FinCEN and Federal Financial Institution Supervisory Agencies Issue Joint Statement on Innovative Efforts to Combat Money Laundering and Terrorist Financing

On December 3, the Financial Crimes Enforcement Network (FinCEN) and the four federal financial institution supervisory agencies (the Board of Governors of the Federal Reserve System, the Federal Deposit Insurance Corporation, the National Credit Union Administration, and the Office of the Comptroller of the Currency) issued a joint statement encouraging banks (i.e., banks, savings associations, credit unions, and foreign banks) “to consider, evaluate, and, where appropriate, responsibly implement innovative approaches to meet their Bank Secrecy Act/anti-money laundering (BSA/AML) compliance obligations, in order to further strengthen the financial system against illicit financial activity.”

The statement expressed the agencies’ recognition “that private sector innovation, including new ways of using existing tools or adopting new technologies, can help banks identify and report money laundering, terrorist financing, and other illicit financial activity by enhancing the effectiveness and efficiency of banks’ BSA/AML compliance programs.”  The statement declared that “[i]nnovation has the potential to augment aspects of banks’ BSA/AML compliance programs, such as risk identification, transaction monitoring, and suspicious activity reporting.”  In that regard, it cited examples of innovations that some banks have already undertaken:

Some banks are becoming increasingly sophisticated in their approaches to identifying suspicious activity, commensurate with their risk profiles, for example, by building or enhancing innovative internal financial intelligence units devoted to identifying complex and strategic illicit finance  vulnerabilities and threats. Some banks are also experimenting with artificial intelligence and digital identity technologies applicable to their BSA/AML compliance programs. These innovations and technologies can strengthen BSA/AML compliance approaches, as well as enhance transaction monitoring systems.

The statement specifically noted that the agencies “welcome these types of innovative approaches to further efforts to protect the financial system against illicit financial activity,” and that “these types of innovative approaches can maximize utilization of banks’ BSA/AML compliance resources.”

The statement offered an additional assurance that the agencies are committed to continued private-sector engagement with financial institutions, advocating early engagement with bank management to discuss pilot programs for innovative BSA/AML approaches.  Such early engagement, according to the statement, “can promote a better understanding of these approaches by the Agencies, as well as provide a means to discuss expectations regarding compliance and risk management,” and provide the agencies with the opportunity to “clarify supervisory expectations, as appropriate and necessary.”
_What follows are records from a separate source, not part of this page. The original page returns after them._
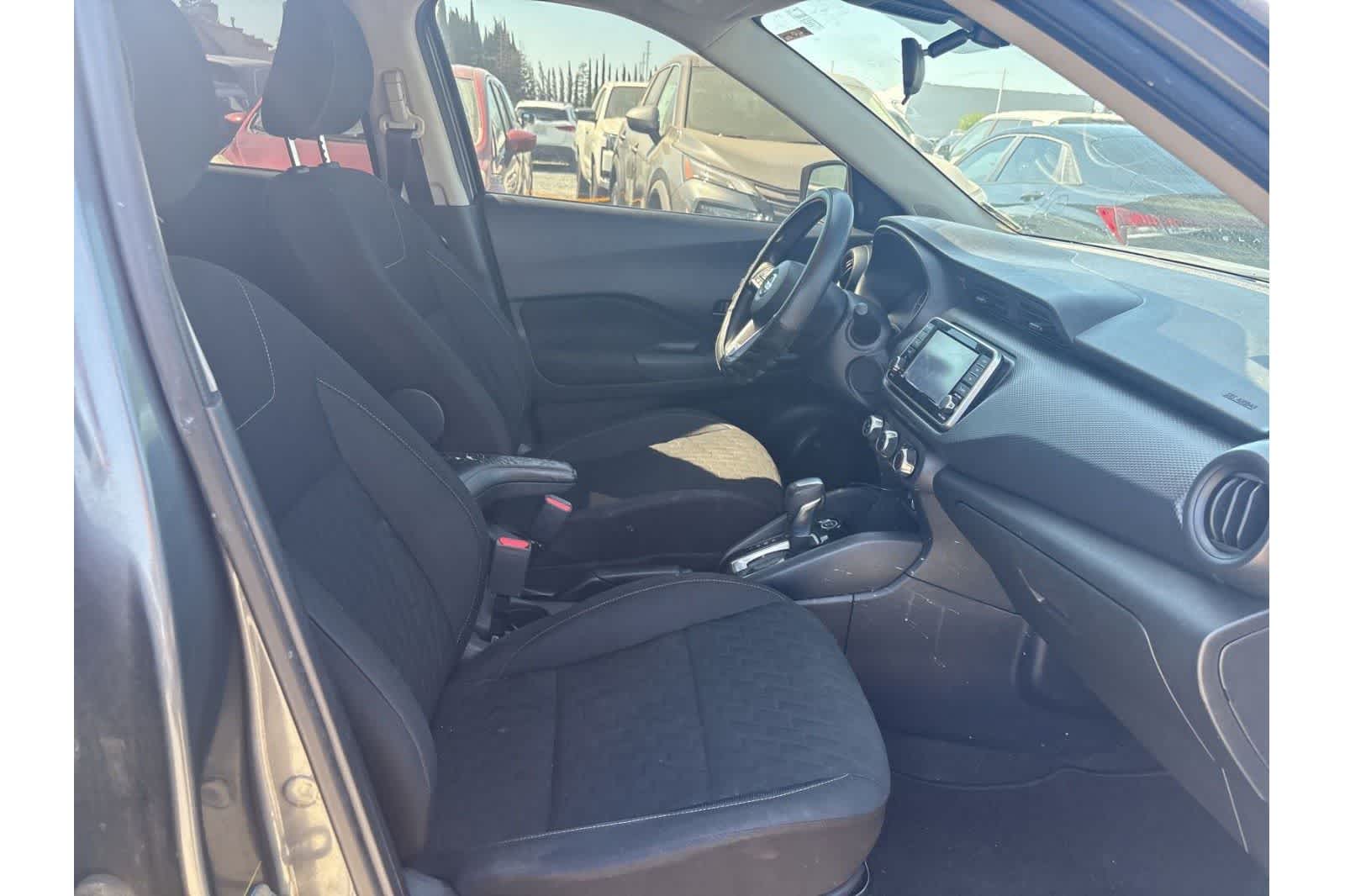 Thumbnail: 2021 Nissan Kicks - 14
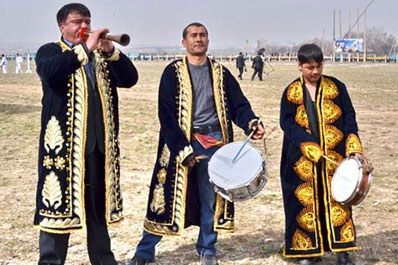 Darboz performance of rope-walkers, Uzbekistan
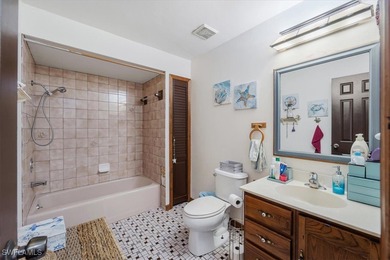 This is a potential Short Sale - AS-IS. This expansive 5-Bedroom - photo 11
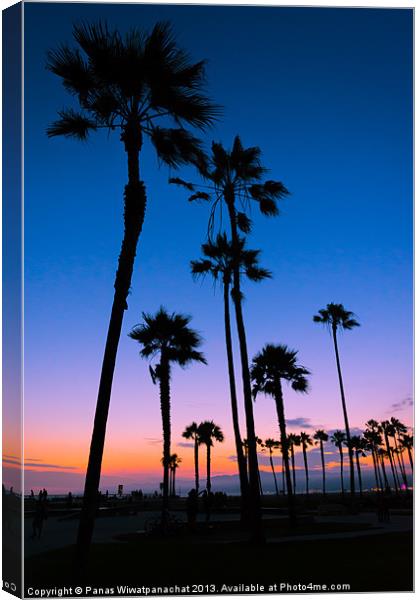Purple Sunset at Venice Beach Canvas Print by Panas Wiwatpanachat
The statement also made four points critical to assuring financial institutions that the agencies do not intend to whipsaw them by encouraging innovation but then effectively penalizing them for the consequences of innovation.  First, it said that they “will not penalize or criticize banks that maintain effective BSA/AML compliance programs commensurate with their risk profiles but choose not to pursue innovative approaches.”  Second, it stated that while they expected banks to maintain effective BSA/AML compliance programs, they “will not advocate a particular method or technology for banks to comply with BSA/AML requirements.”  Third, it indicated the agencies’ openness to banks’ conducting pilot programs, “in conjunction with existing BSA/AML processes, [as] an important means of testing and validating the effectiveness of innovative approaches,” and to providing feedback to the banks on such pilot programs.  In particular, it stated that “pilot programs in and of themselves should not subject banks to supervisory criticism even if the pilot programs ultimately prove unsuccessful.”  Fourth, it offered a measured assurance that “pilot programs that expose gaps in a BSA/AML compliance program will not necessarily result in supervisory action with respect to that program.”

Note:  This statement is the second result of the ongoing work of a working group that the United States Department of the Treasury’s Office of Terrorism and Financial Intelligence and the Federal depository institutions regulators formed with the aim of improving the effectiveness and efficiency of the BSA/AML regime.  Previously, on October 3, FinCEN and the agencies issued a joint interagency statement on sharing Bank Secrecy Act resources.

Both of these statements are welcome developments in two respects.  First, they provide some specific assurance that federal bank regulators are genuinely interested in positive engagement with the financial sector, and not merely regulation and enforcement.  Second, they appear not to be pressing for or insisting that financial institutions must adhere to particular types of innovative methods or technologies that regulators have previously endorsed.  Financial institutions should therefore take the December 3 statement at its word and develop innovative AML/CTF approaches that they believe make sense from a risk-based perspective, and test the strength of the regulators’ professed commitment to engagement with the financial sector.